As mentioned, recent authors have added to the classical list. For example, J. B. Clark saw the co-ordinating function in production and distribution as being served by entrepreneurs; Frank Knight introduced managers who co-ordinate using their own money (financial capital) and the financial capital of others. In contrast, many economists today consider "human capital" (skills and education) as the fourth factor of production, with entrepreneurship as a form of human capital. Yet others refer to intellectual capital. More recently, many have begun to see "social capital" as a factor, as contributing to production of goods and services.
In markets, entrepreneurs combine the other factors of production, land, labor, and capital, to make a profit. Often these entrepreneurs are seen as innovators, developing new ways to produce and new products. In a planned economy, central planners decide how land, labor, and capital should be used to provide for maximum benefit for all citizens. Just as with market entrepreneurs, the benefits may mostly accrue to the entrepreneurs themselves.
The sociologist C. Wright Mills refers to "new entrepreneurs" who work within and between corporate and government bureaucracies in new and different ways. Others (such as those practicing public choice theory) refer to "political entrepreneurs", i.e., politicians and other actors.
Much controversy rages about the benefits produced by entrepreneurship. But the real issue is about how well institutions they operate in (markets, planning, bureaucracies, government) serve the public. This concerns such issues as the relative importance of market failure and government failure.
In the book Accounting of Ideas, "intequity", a neologism, is abstracted from equity to add a newly researched production factor of the capitalist system. Equity, which is regarded as part of capital, was divided into equity and intequity. Entrepreneurship was divided into network-related matters and creating-related matters. Network-related matters function in the sphere of equity, and creating-related matters in spheres of intequities.
Ayres and Warr (2010) are among the economists who criticize orthodox economics for overlooking the role of natural resources and the effects of declining resource capital. See also: Natural resource economics
Exercise can be seen as individual factor of production, with an elastication larger than labor. A cointegration analysis support results derived from linear exponential (LINEX) production functions.
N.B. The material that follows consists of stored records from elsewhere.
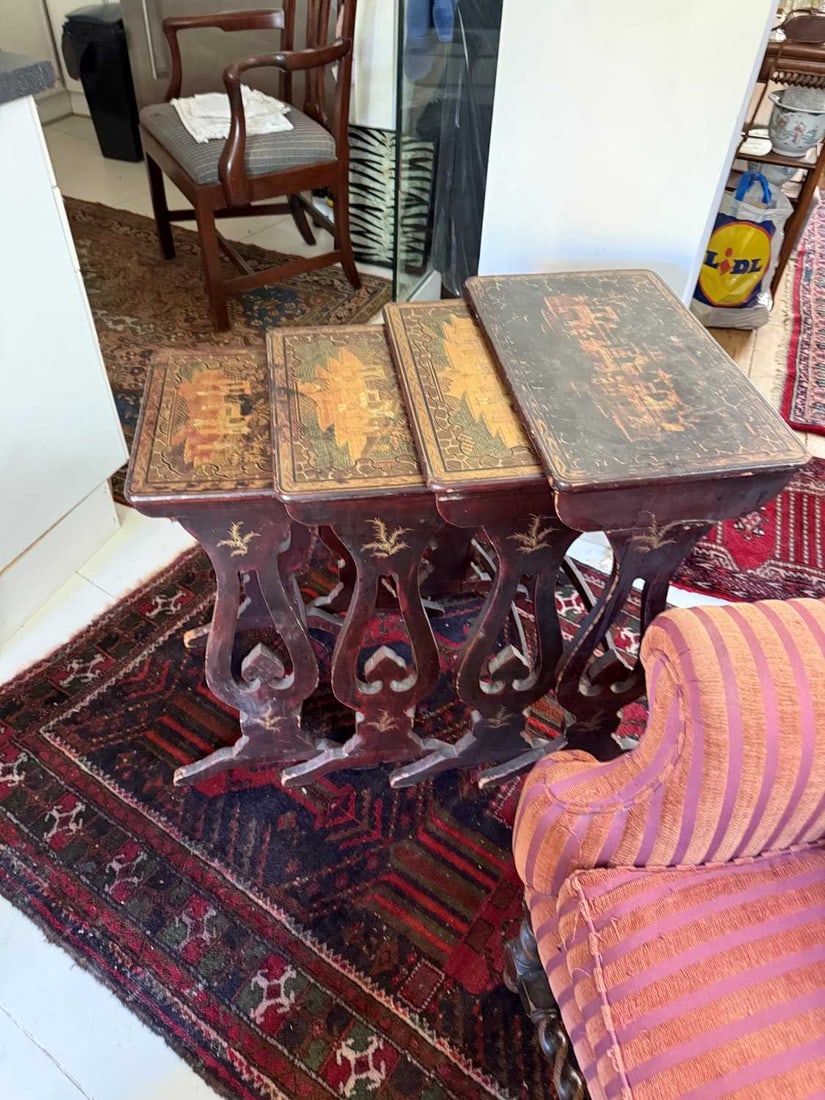 A quartetto of four lacquered tables, late 19th century, - 3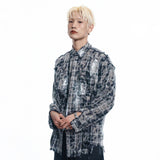 Washed Painted Check Shirt - CHARCOAL
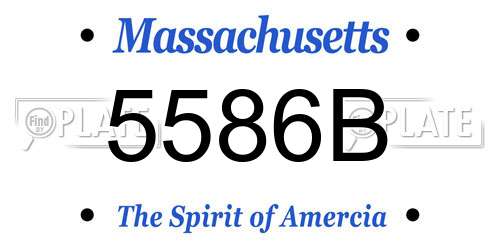 5586B Massachusetts License Plate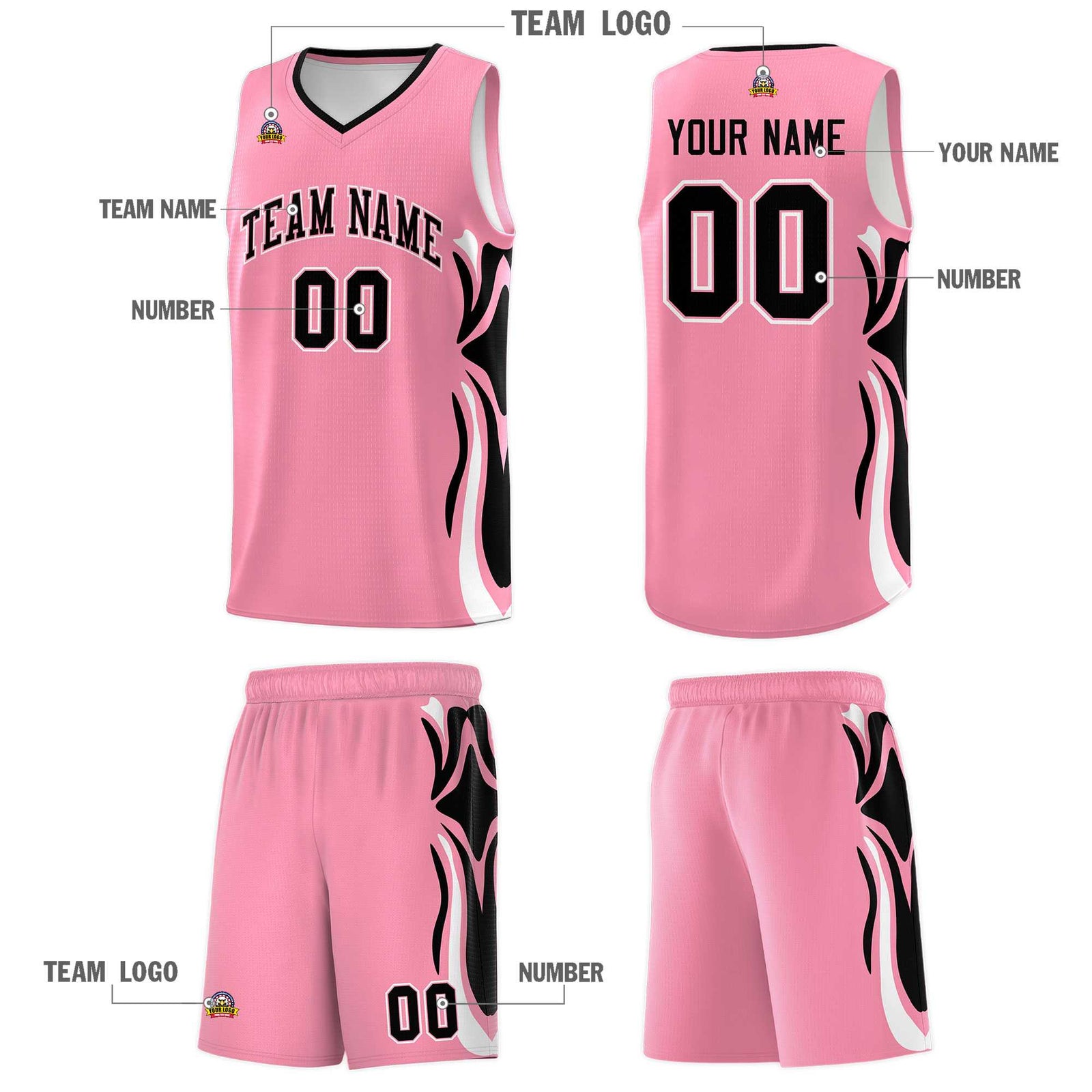 Custom Light Pink Black-White Graffiti Pattern Side Curve Pattern Sports Uniform Basketball Jersey Sets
C. H. Douglas disagreed with classical economists who recognized only three factors of production. While Douglas did not deny the role of these factors in production, he considered the “Cultural heritage” as the primary factor. He defined cultural inheritance as the knowledge, techniques, and processes that have accrued to us incrementally from the origins of civilization (i.e., progress). Consequently, mankind does not have to keep "reinventing the wheel". "We are merely the administrators of that cultural inheritance, and to that extent, the cultural inheritance is the property of all of us, without exception. Adam Smith, David Ricardo, and Karl Marx claimed that labor creates all value. While Douglas did not deny that all costs ultimately relate to labour charges of some sort (past or present), he denied that the present labour of the world creates all wealth. Douglas carefully distinguished between value, costs and prices. He claimed that one of the factors resulting in a misdirection of thought in terms of the nature and function of money was economists' near-obsession about values and their relation to prices and incomes. While Douglas recognized "value in use" as a legitimate theory of values, he also considered values as subjective and not capable of being measured in an objective manner.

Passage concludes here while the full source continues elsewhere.